Document and Eyewitness – An Intimate History of Rough Trade by Neil Taylor (Orion Books)
Clearly you’d have to be more than interested in British indie-pop in the late 70s and 1980s to get much out of this. But the anecdotal rewards are deep if The History of Rough Trade would be your chosen specialised subject on the fading leather jacketed saddo’s version of Mastermind. Once you’re past the ponderous intro (and I’d rather have had an index than the footnotes), the stories and their characters take you right back to a time when you didn’t have to give a shit about anything besides drinking, music, and appearing to know what you were on about (I gave up on that one in the end).
Sample quote [from Joly MacFie, in-house badge maker]: I went off to Europe selling badges on an Iggy Pop tour and on the day I arrived back I got a visitation from Bob Marley and John Holt. Marley started having this big argument with me about how I had disrespected the Ethiopian royal family. While he is doing this he is looking around the workshop and notices the FORWARD and BUT WAIT badges and starts accusing me of not respecting Rasta. Everything I said in defence he just dismissed as ‘ras-clat, white-man talk’. He was pretty mad and stormed off to the other end of the workshop, where his eye caught the latest job we’d done. It was a backstage pass for Graham Parker’s tour of Australia. It had a black, red, yellow and green background, reggae style, and printed on top were the words I SHOT THE FERRET. Marley was incandescent. We couldn’t help but start laughing. He stormed off, though later Pepe did smooth things over and we did carry on making the Bob Marley badges we had already been making.

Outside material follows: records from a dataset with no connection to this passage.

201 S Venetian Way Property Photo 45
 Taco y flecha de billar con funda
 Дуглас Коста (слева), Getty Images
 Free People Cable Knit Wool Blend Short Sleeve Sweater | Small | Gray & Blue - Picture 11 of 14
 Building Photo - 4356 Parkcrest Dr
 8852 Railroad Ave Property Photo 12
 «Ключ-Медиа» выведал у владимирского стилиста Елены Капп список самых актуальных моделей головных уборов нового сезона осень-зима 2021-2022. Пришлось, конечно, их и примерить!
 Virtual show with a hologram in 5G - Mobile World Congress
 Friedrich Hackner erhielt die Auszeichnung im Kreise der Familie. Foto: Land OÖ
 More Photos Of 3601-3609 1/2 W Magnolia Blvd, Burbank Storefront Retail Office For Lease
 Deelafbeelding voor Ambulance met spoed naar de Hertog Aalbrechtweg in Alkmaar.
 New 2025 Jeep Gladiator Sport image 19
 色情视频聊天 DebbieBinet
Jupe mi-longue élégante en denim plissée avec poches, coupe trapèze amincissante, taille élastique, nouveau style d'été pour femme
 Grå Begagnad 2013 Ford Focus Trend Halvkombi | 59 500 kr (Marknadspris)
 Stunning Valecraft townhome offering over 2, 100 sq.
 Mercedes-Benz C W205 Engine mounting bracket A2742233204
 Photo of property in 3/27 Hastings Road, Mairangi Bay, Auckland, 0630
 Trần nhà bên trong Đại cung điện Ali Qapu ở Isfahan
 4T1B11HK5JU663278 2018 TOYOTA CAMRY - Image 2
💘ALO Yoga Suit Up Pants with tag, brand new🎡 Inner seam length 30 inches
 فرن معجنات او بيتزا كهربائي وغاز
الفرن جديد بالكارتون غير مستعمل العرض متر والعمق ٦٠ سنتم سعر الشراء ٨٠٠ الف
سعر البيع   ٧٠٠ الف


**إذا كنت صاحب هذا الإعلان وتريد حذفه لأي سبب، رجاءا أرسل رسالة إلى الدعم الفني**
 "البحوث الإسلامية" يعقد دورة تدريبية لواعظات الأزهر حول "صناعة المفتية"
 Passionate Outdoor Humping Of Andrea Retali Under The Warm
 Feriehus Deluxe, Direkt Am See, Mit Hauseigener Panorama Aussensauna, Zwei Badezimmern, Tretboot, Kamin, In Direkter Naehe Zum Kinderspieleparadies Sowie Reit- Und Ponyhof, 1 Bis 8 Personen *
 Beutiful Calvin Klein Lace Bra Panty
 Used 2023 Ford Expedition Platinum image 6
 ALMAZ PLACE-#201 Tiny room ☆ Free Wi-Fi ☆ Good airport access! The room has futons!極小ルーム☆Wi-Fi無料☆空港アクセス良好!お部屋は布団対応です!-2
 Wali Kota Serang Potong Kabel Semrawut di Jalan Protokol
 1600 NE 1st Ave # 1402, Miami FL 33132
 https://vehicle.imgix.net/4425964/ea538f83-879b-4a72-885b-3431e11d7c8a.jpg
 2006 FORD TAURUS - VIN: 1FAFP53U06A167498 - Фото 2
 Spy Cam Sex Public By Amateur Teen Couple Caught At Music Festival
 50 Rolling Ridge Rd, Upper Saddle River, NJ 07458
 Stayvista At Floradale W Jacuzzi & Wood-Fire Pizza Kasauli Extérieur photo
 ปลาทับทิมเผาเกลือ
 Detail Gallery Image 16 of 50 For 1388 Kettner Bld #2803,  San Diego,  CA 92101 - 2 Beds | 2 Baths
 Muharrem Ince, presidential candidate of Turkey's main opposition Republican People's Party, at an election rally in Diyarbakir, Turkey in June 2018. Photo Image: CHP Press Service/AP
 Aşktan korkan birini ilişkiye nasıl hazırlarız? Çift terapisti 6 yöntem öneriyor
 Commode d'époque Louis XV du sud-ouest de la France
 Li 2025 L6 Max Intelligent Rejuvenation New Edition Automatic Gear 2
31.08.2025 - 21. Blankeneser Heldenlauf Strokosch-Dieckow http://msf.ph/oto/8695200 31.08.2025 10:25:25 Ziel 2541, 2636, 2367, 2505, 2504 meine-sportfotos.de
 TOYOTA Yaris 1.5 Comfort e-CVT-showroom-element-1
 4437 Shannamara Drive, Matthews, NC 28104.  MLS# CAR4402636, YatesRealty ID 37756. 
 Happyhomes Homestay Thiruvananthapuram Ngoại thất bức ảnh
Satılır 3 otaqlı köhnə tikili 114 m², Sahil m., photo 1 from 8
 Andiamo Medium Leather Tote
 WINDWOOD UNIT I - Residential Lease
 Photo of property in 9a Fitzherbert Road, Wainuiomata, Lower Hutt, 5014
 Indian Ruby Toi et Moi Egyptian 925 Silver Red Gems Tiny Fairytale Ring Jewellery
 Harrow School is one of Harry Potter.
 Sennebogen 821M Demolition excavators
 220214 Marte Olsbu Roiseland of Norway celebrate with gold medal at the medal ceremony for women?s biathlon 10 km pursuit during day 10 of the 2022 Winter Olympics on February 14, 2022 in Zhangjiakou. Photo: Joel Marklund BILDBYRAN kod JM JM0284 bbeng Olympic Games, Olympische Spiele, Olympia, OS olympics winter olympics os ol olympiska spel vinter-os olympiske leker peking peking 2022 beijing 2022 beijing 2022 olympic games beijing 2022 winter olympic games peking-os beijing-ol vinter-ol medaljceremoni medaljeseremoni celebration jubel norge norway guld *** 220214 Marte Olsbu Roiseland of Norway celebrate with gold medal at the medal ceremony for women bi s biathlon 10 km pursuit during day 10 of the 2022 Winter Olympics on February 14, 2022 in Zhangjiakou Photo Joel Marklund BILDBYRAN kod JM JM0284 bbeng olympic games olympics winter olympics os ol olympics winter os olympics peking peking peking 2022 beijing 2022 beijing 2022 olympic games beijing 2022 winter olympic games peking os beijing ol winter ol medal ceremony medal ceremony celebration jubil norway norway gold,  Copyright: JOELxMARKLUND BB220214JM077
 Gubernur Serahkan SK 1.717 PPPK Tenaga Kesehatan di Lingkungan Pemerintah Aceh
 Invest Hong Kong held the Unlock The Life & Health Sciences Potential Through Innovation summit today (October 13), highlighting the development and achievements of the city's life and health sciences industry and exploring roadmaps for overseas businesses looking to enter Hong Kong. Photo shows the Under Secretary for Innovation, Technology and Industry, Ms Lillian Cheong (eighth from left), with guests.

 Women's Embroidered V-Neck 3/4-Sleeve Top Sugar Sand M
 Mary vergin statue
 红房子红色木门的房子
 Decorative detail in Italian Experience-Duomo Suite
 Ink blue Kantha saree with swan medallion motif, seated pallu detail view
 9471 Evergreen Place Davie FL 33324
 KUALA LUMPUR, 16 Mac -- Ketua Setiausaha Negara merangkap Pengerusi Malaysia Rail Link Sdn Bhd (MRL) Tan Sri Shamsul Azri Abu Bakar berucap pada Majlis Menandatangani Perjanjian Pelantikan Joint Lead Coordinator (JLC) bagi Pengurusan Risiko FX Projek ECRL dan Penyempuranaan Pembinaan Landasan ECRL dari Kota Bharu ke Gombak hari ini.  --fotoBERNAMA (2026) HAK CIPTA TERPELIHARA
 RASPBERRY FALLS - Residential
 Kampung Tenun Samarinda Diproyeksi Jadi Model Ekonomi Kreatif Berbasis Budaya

Rat Girl: A Memoir by Kristin Hersh (Penguin)
I already lauded this witty Diary of a Screwed-Up Teenage Genius a few weeks back, and that was before I’d even got to the part about how the Throwing Muses, while recording their five-star debut album, were evicted from the studio by Deep Purple (as if I ever needed another reason to further despise Deep Purple). Or to the part where she’s psycho-analysed by the very cool Dr. Seven Syllables, or the flaky way they are signed to 4AD Records by the enigmatic Englishman Ivo. Though one of my favourite passages recounts lavish dinners with old farts from record companies who want to sign and flog the band:
Tonight we’re having dinner with one of the old guys, the coke guys, the VIPs with orange tans and tinted glasses. VIPs are not the reps in the rock club trenches – they’re far removed from everything musical. Oozing out of the moneyed world of limos and palm trees (really!), they personify the tragedy of errors that is the music business. VIPs are always expensively dressed, they are never women and they all have a creepy, fake peacefulness that comes from both feeling safe because you’re rich and wanting people to think you’re self-actualized.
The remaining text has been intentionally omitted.